UK unions refuse Tata Steel deal on pension changes
Post Date: 17 Apr 2015 Viewed: 333
Tata Steel disclosed its European arm had failed to reach a deal with British worker unions on its proposal to change the pension scheme there.
In a notification to the National Stock Exchange, the country's oldest steel maker said the unions had declined to support the proposed changes.
The company employs 30,500 in Europe, including 17,500 in the UK. According to media reports, the company planned to suspend the existing scheme, also impacting about 90,000 pensioners in the UK.
Tata Steel's European arm has been in the news for some time. In October, it had announced the intention of selling the long products division, signing a memorandum of understanding with the Geneva-based Klesch group for this. In Britain, the agreement covers the Scunthorpe steelworks, mills at Teesside, Dalzell and Clydebridge in Scotland, an engineering workshop in Workington and a rail consultancy in York. And, operations in France and Germany.

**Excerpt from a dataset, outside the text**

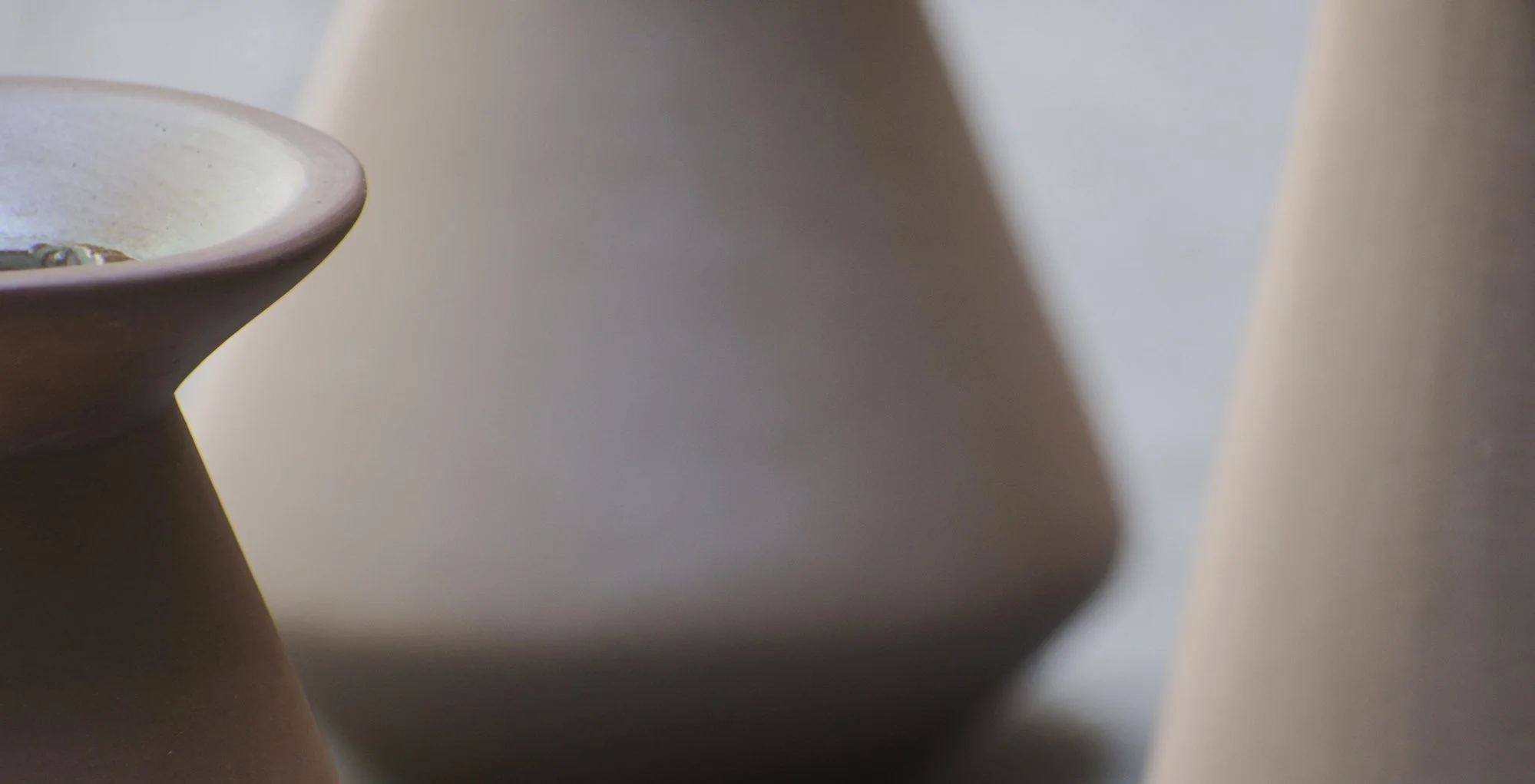 Close-up of a ceramic bowl with a light-colored interior and a dark exterior, positioned on a surface with shadows and soft lighting.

Having invested £1.2 billion in its UK operations since acquiring Corus in 2007, Tata Steel has been struggling to reap benefits from the huge investment made in the pre-global crisis period. Regarding the status on the long products division, group executive director Koushik Chatterjee told the Business Standard, “We communicate only through disclosure and the update on this will be in the next one, scheduled mid-May.”